■ **What is being asked**:
Write out exactly the lines from the one that contains "Adjustable Shelves, White" down to the last line of the material below, keeping both ends and omitting pictures.

■ **Collected data**:
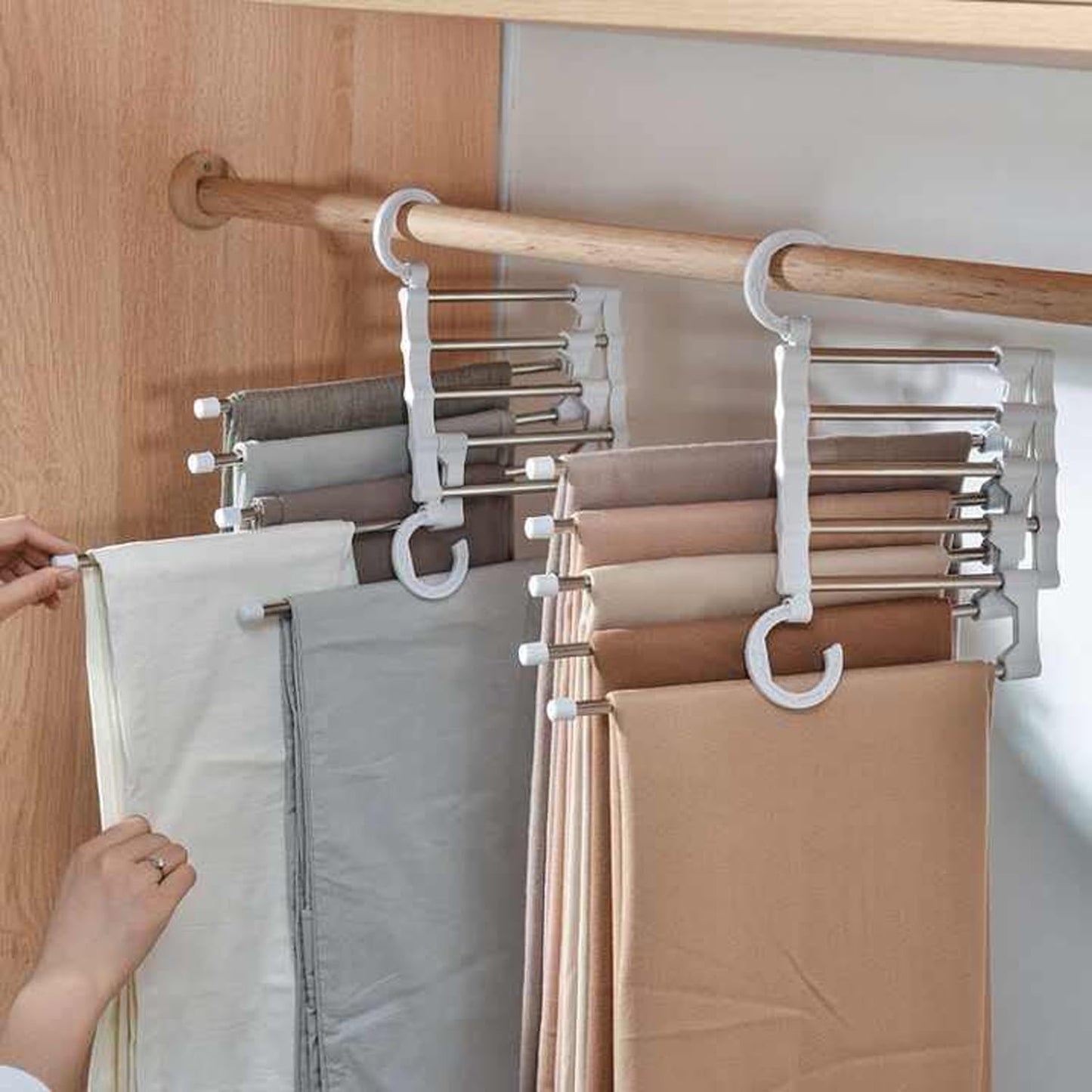 5pcs Foldable Hanger for Clothes Hanging Multi-Layer Cloth Hangers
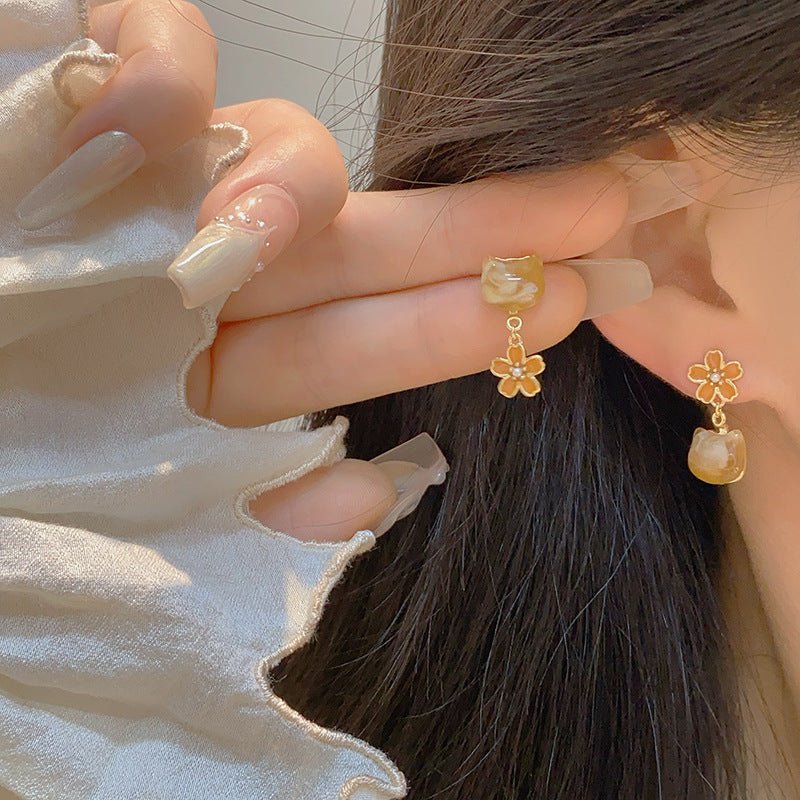 Amber Cat Earrings - Gold - Plated - Abbott Atelier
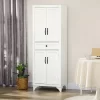 HOMCOM 67" Freestanding Kitchen Pantry, 4-Door Storage Cabinet With Drawer And Adjustable Shelves, White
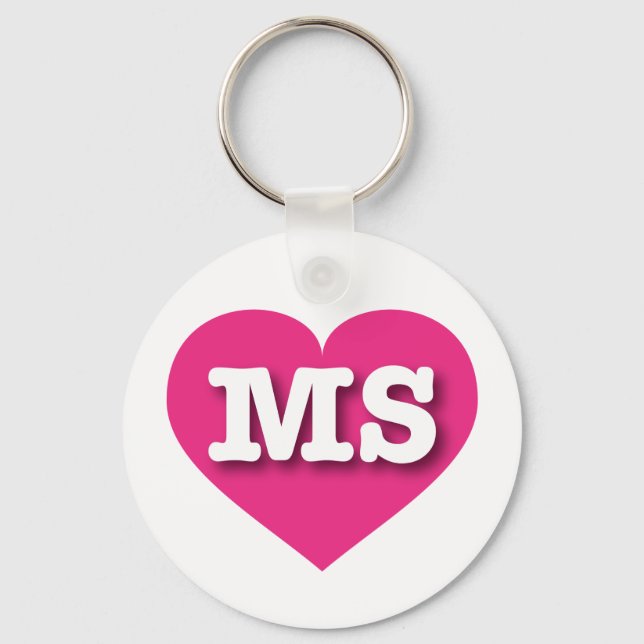 Mississippi Hot Pink Heart - I love MS Keychain (Front)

■ **Answer area**:
 HOMCOM 67" Freestanding Kitchen Pantry, 4-Door Storage Cabinet With Drawer And Adjustable Shelves, White
 Mississippi Hot Pink Heart - I love MS Keychain (Front)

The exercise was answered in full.